• _TASK DIRECTIONS_: Repeat every record exactly, but keep images out of the copy.

Extracted data entries:

= = =

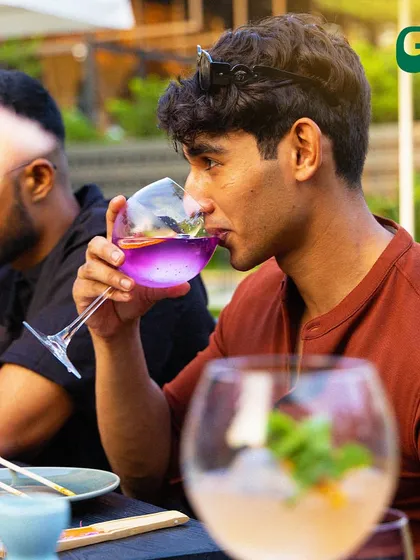 Just a guy, his cocktail, and all the good vibes. Whether you're here with friends or flying solo, it's a place to relax and enjoy the moment.
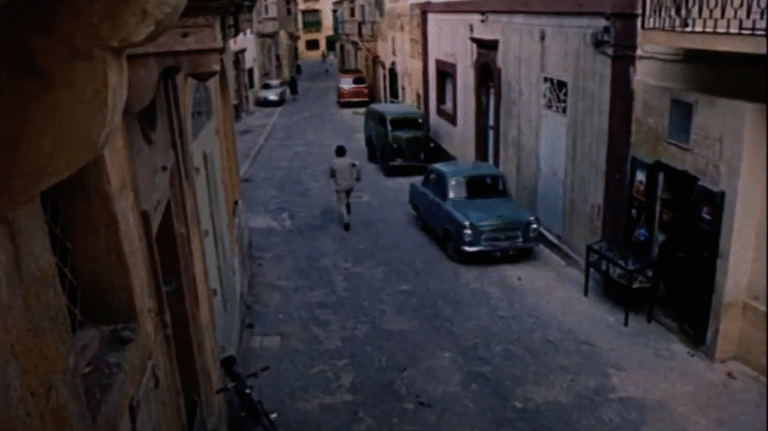 A man, dressed in a tan suit, walks quickly down a narrow road.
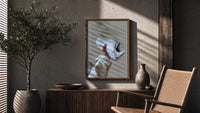 White Sneaker with Gold Chains poster framed above a fluted sideboard beside a potted tree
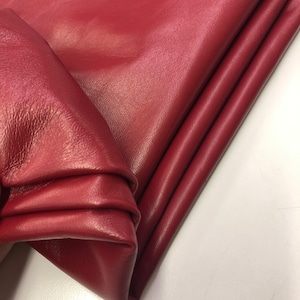May include: A close-up of a folded piece of burgundy leather. The leather has a smooth, textured surface.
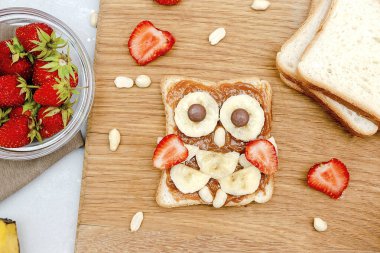 Baykuş suratlı tost ekmeği. Fıstık ezmeli, çilekli. Komik çocuklar bebekler tatlı tatlı tatlı, sağlıklı kahvaltı, öğle yemeği, ahşap tahtada yemek sanatı.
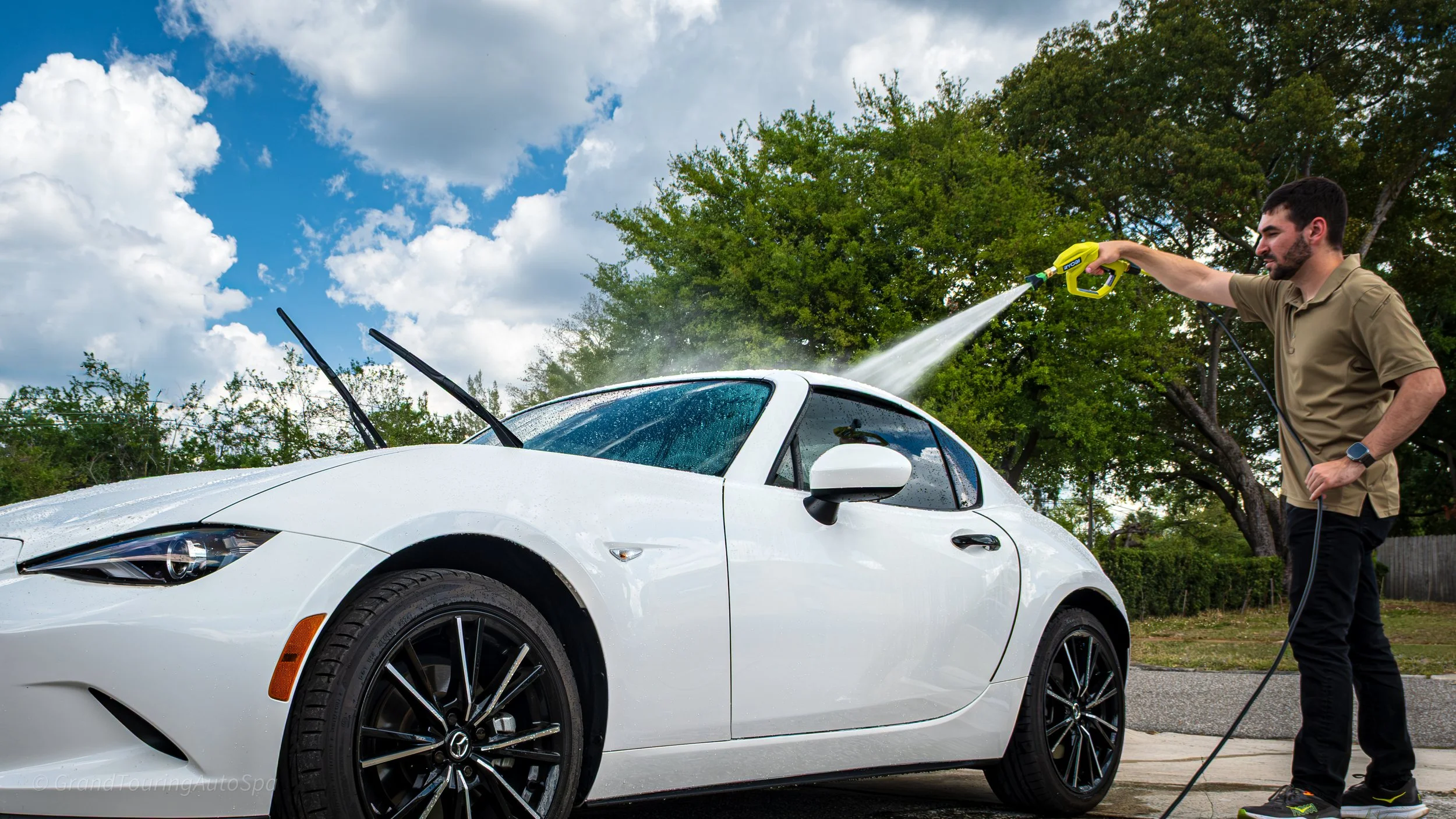 A man washing a white sports car with a hose outdoors under a partly cloudy sky, with green trees in the background.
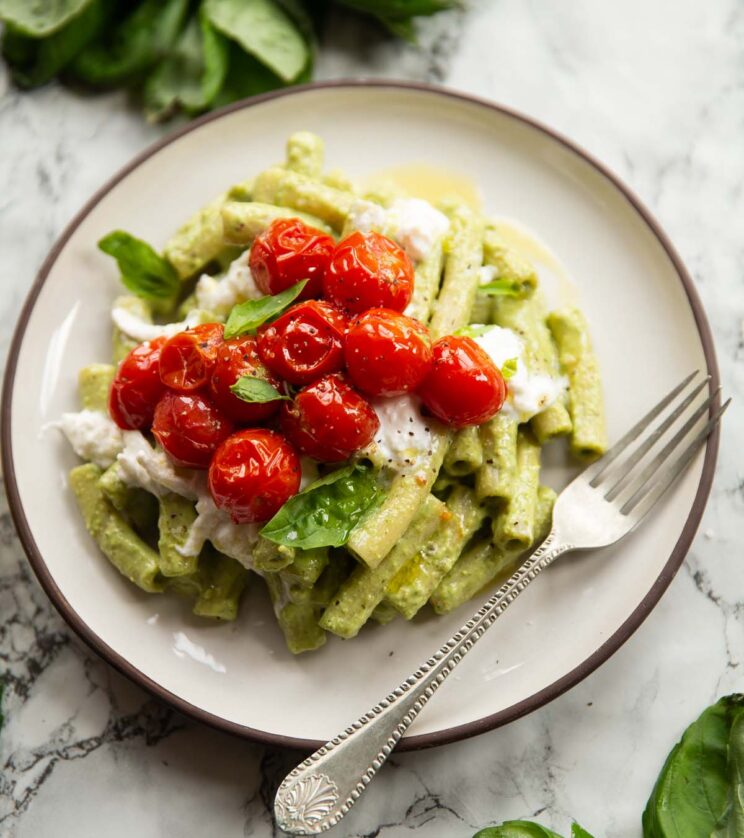 creamy pistachio pesto pasta on small white plate with silver fork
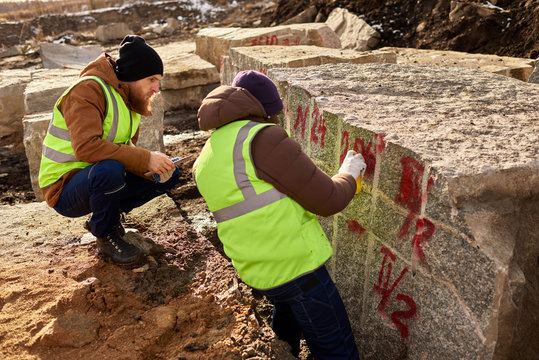 Back view of two industrial workers wearing reflective jackets marking  granite on mining worksite outdoors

= = =

• _WRITTEN ANSWER_:
 Just a guy, his cocktail, and all the good vibes. Whether you're here with friends or flying solo, it's a place to relax and enjoy the moment.
 A man, dressed in a tan suit, walks quickly down a narrow road.
 White Sneaker with Gold Chains poster framed above a fluted sideboard beside a potted tree
May include: A close-up of a folded piece of burgundy leather. The leather has a smooth, textured surface.
 Baykuş suratlı tost ekmeği. Fıstık ezmeli, çilekli. Komik çocuklar bebekler tatlı tatlı tatlı, sağlıklı kahvaltı, öğle yemeği, ahşap tahtada yemek sanatı.
 A man washing a white sports car with a hose outdoors under a partly cloudy sky, with green trees in the background.
 creamy pistachio pesto pasta on small white plate with silver fork
 Back view of two industrial workers wearing reflective jackets marking  granite on mining worksite outdoors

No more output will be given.